Another possibility is that she doesn't want to wee and poo in the same litter tray - some cats are that fussy about their toilet.
Then again she may just be young and not certain on her toileting yet. How old is she?
Oh and welcome to PF


----------



## RabbitMonster (Mar 20, 2012)

Agree with Lynn there. Also, try putting her in the tray regularly, particularly after meals, it might help solidify it in her more.


----------



## Tayto Girl (May 21, 2012)

Is it a feather/down duvet? Our old cat at home did this but only on the feather duvets - if it was a synthetic one she didn't - I think it had something to do with how it felt under her feet!! We had to ban her from upstairs eventually.


----------



## scatchy (Nov 29, 2011)

In addition to the advice already given I would say deny her access to the duvet until she is regularly using her tray.
Sometimes kittens just like a particular item to wee on and you need to break the habit as soon as possible.


----------



## RabbitMonster (Mar 20, 2012)

Tiny bit concerned OP hasn't come back...


----------



## AlexArt (Apr 25, 2010)

Ditto the above, also to get the pee smell in the litter tray try mopping up some of her pee wherever she does it with bog roll/tissue and placing that in her litter tray then stick her in the tray to sniff it.
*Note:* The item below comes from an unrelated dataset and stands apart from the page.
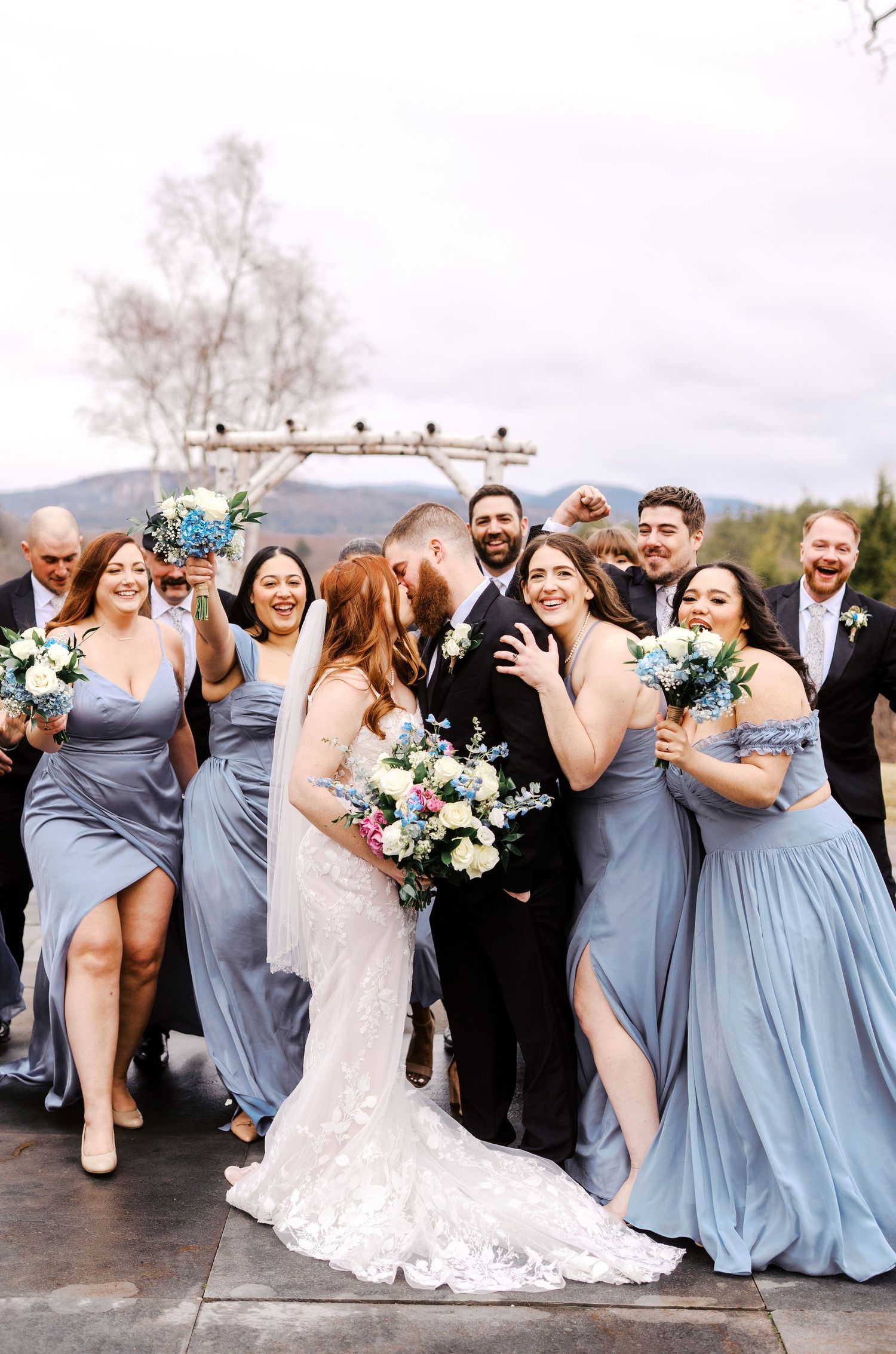 Wedding party in blue bridesmaid dresses laugh joyfully with bride in white lace gown during outdoor celebration.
I often use another cats pee/poop to put in the tray when we're trying to litter train feral kittens - gross I know - but it gets them digging to bury it then gives them that lightbulb moment when they realise that's where they go - it always works! Just keep her out of your bedroom for the mo and maybe confine her to one room so she has less options of where to pee and is not far away from the tray as to get caught out and have an accident. Once she has got the idea after a week or so it's ingrained then you can let them anywhere.


----------